From: "Kasireddy, Vivek" <vivek.kasireddy@intel.com>
To: Alistair Popple <apopple@nvidia.com>,
David Hildenbrand <david@redhat.com>
Cc: Jason Gunthorpe <jgg@nvidia.com>,
"Kim, Dongwon" <dongwon.kim@intel.com>,
"Chang, Junxiao" <junxiao.chang@intel.com>,
"dri-devel@lists.freedesktop.org"
<dri-devel@lists.freedesktop.org>,
Hugh Dickins <hughd@google.com>, Peter Xu <peterx@redhat.com>,
"linux-mm@kvack.org" <linux-mm@kvack.org>,
Gerd Hoffmann <kraxel@redhat.com>,
Mike Kravetz <mike.kravetz@oracle.com>
Subject: RE: [RFC v1 1/3] mm/mmu_notifier: Add a new notifier for mapping updates (new pages)
Date: Fri, 4 Aug 2023 06:39:22 +0000 [thread overview]
Message-ID: <IA0PR11MB7185974FA204015EA3B74066F809A@IA0PR11MB7185.namprd11.prod.outlook.com> (raw)
In-Reply-To: <87cz0364kx.fsf@nvdebian.thelocal>
Hi Alistair, David, Jason,
> >>>>>> Right, the "the zero pages are changed into writable pages" in your
> >>>>>> above comment just might not apply, because there won't be any
> page
> >>>>>> replacement (hopefully :) ).
> >>>>
> >>>>> If the page replacement does not happen when there are new writes
> to the
> >>>>> area where the hole previously existed, then would we still get an
> >>>> invalidate
> >>>>> when this happens? Is there any other way to get notified when the
> zeroed
> >>>>> page is written to if the invalidate does not get triggered?
> >>>>
> >>>> What David is saying is that memfd does not use the zero page
> >>>> optimization for hole punches. Any access to the memory, including
> >>>> read-only access through hmm_range_fault() will allocate unique
> >>>> pages. Since there is no zero page and no zero-page replacement there
> >>>> is no issue with invalidations.
> >>
> >>> It looks like even with hmm_range_fault(), the invalidate does not get
> >>> triggered when the hole is refilled with new pages because of writes.

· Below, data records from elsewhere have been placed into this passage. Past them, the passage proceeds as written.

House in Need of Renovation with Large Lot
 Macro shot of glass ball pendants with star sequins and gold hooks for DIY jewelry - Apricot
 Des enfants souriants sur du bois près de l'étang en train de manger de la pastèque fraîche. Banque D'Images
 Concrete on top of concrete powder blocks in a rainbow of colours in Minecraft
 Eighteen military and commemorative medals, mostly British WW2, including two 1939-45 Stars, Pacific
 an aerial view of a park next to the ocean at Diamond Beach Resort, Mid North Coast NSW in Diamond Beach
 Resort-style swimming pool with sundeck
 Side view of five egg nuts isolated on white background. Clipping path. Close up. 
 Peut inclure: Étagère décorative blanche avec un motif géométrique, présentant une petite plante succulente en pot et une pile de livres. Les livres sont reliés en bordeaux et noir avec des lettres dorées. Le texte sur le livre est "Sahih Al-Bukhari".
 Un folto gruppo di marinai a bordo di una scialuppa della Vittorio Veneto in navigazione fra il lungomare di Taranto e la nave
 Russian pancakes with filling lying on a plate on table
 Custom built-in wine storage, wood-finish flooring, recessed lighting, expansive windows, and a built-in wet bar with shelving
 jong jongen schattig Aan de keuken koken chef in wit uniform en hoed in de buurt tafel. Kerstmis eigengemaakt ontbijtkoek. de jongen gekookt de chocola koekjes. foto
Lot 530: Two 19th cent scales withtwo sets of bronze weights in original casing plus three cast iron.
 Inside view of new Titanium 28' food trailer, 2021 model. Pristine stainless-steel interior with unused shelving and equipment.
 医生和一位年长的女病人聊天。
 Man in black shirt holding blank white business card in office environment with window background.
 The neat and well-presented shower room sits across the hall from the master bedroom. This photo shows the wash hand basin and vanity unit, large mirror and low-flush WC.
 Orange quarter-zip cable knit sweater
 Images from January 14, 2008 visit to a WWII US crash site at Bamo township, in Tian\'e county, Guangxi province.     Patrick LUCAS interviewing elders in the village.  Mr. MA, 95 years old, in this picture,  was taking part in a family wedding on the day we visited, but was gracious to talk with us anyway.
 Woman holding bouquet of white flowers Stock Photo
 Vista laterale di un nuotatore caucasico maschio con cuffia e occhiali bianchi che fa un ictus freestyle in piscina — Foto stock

> >>> This is probably because hmm_range_fault() does not fault in any pages
> >>> that get invalidated later when writes occur.
> >> hmm_range_fault() returns the current content of the VMAs, or it
> >> faults. If it returns pages then it came from one of these two places.
> >> If your VMA is incoherent with what you are doing then you have
> >> bigger
> >> problems, or maybe you found a bug.
>
> Note it will only fault in pages if HMM_PFN_REQ_FAULT is specified. You
> are setting that however you aren't setting HMM_PFN_REQ_WRITE which is
> what would trigger a fault to bring in the new pages. Does setting that
> fix the issue you are seeing?
No, adding HMM_PFN_REQ_WRITE still doesn't help in fixing the issue.
Although, I do not have THP enabled (or built-in), shmem does not evict
the pages after hole punch as noted in the comment in shmem_fallocate():
if ((u64)unmap_end > (u64)unmap_start)
unmap_mapping_range(mapping, unmap_start,
1 + unmap_end - unmap_start, 0);
shmem_truncate_range(inode, offset, offset + len - 1);
/* No need to unmap again: hole-punching leaves COWed pages */
As a result, the pfn is still valid and the pte is pte_present() and pte_write().
This is the reason why adding in HMM_PFN_REQ_WRITE does not help;
because, it fails the below condition in hmm_pte_need_fault():
if ((pfn_req_flags & HMM_PFN_REQ_WRITE) &&
!(cpu_flags & HMM_PFN_WRITE))
return HMM_NEED_FAULT | HMM_NEED_WRITE_FAULT;
If I force it to read-fault or write-fault (by hacking hmm_pte_need_fault()),
it gets indefinitely stuck in the do while loop in hmm_range_fault().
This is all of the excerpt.